INDIANAPOLIS, March 1, 2023 /PRNewswire/ -- Simon®, a real estate investment trust engaged in the ownership of premier shopping, dining, entertainment and mixed-use destinations, announced today that its majority-owned operating partnership subsidiary, Simon Property Group, L.P. (the "Operating Partnership"), has agreed to sell:

  • $650 million aggregate principal amount of its 5.500% Notes due 2033, and

  • $650 million aggregate principal amount of its 5.850% Notes due 2053.

Combined, the two new issues of senior notes have a weighted average term of 20 years and a weighted average coupon rate of 5.675%. The offering is expected to close on March 8, 2023, subject to customary closing conditions.

The Operating Partnership intends to use the net proceeds of the offering to fund the planned optional redemption of its 2.750% notes due June 2023 and floating rate notes due January 2024 (with interest reset quarterly at compounded SOFR plus 0.43%, resulting in interest of 3.94% at December 31, 2022), and for general corporate purposes, including to repay other indebtedness.

Citigroup, J.P. Morgan, Mizuho and Scotiabank are serving as joint book-running managers of the public offering, which is being conducted under the Operating Partnership's shelf registration statement filed with the Securities and Exchange Commission. Any offer of securities will be made by means of the prospectus supplement and accompanying prospectus.
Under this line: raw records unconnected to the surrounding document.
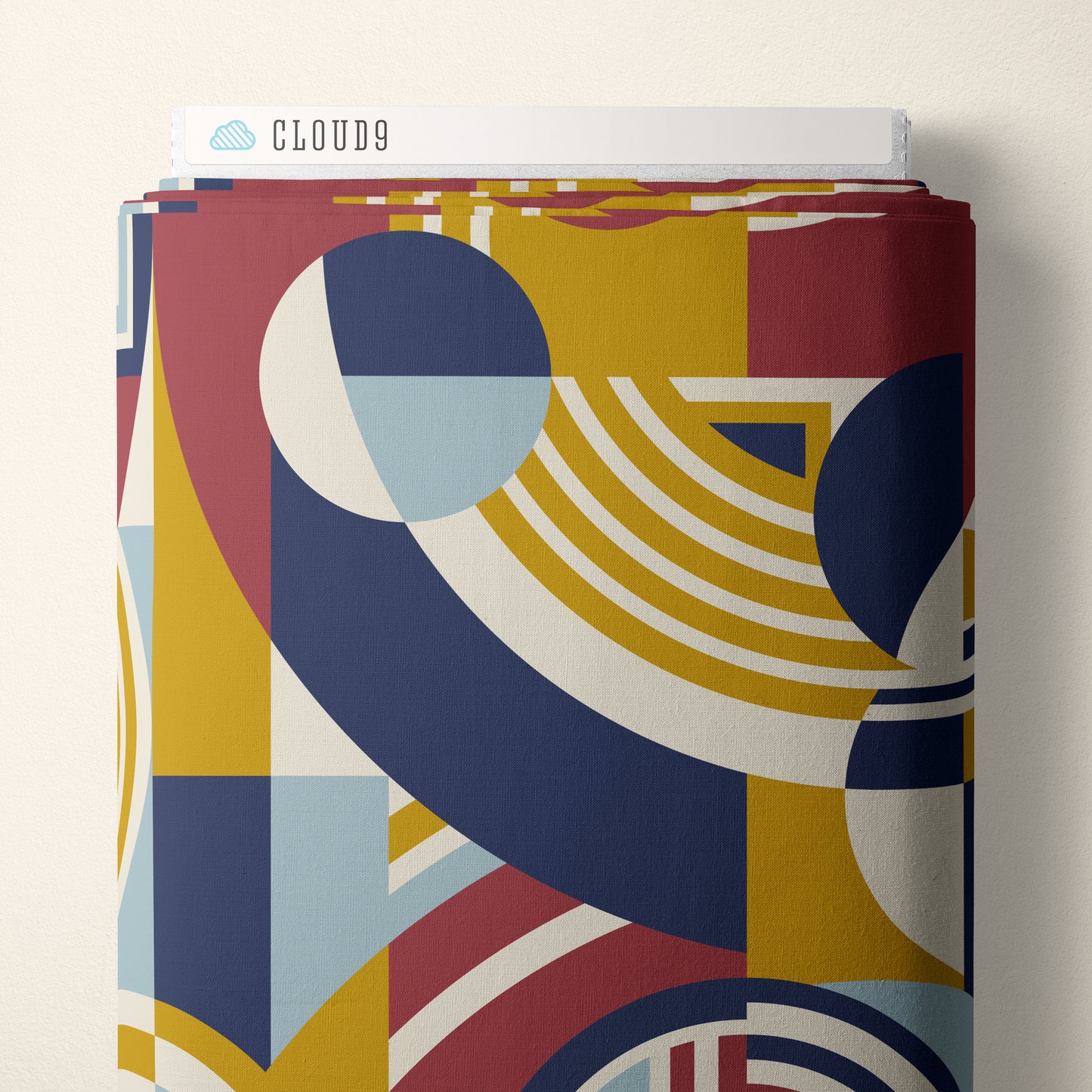 Cloud9 Fabrics: Frank Lloyd Wright American Bold Heroes Hoffman Red and Navy Organic  Cotton Woven- by the half yard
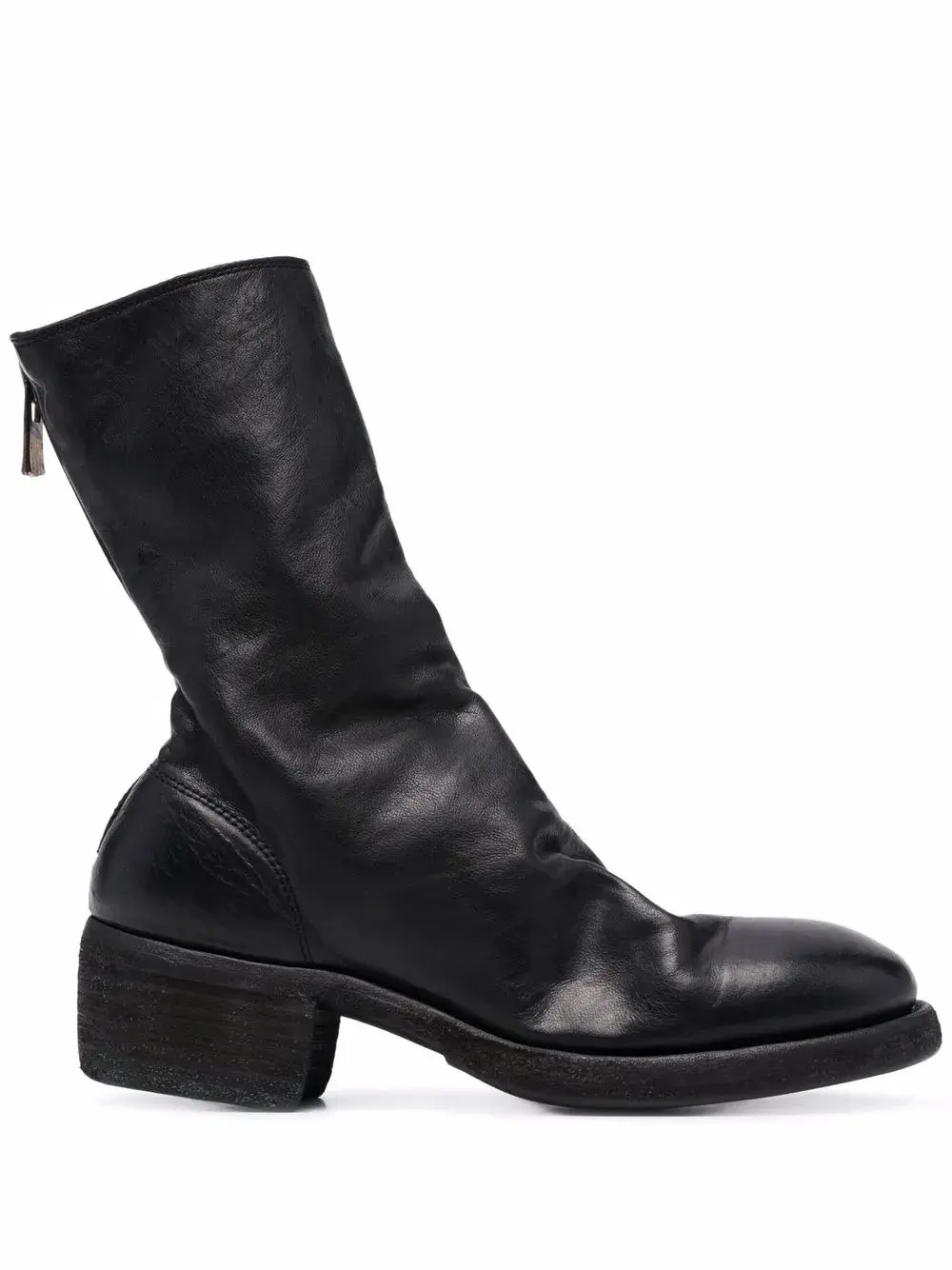 Ботинки 788z на молнии Guidi, черный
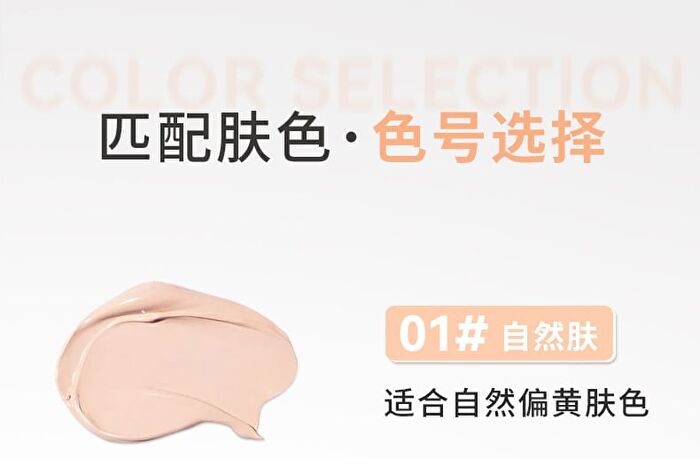 Perfect Skin Cream Foundation  - 2 Shades - 01# Natural - 11.5g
When available, copies of the prospectus supplement and accompanying prospectus can be obtained by contacting: Citigroup Global Markets Inc., c/o Broadridge Financial Solutions, 1155 Long Island Avenue, Edgewood, NY 11717, telephone: 1-800-831-9146, or email: prospectus@citi.com; J.P. Morgan Securities LLC, c/o Broadridge Financial Solutions, Attn: Prospectus Department, 1155 Long Island Avenue, Edgewood, NY 11717, or by telephone: 1-866-803-9204; Mizuho Securities USA LLC, 1271 Avenue of the Americas, New York, New York 10020, Attention: Debt Capital Markets, by telephone: 1-866-271-7403; or Scotia Capital (USA) Inc. at 250 Vesey Street, New York, NY 10281, Attention: Debt Capital Markets, or by calling: 1-800-372-3930.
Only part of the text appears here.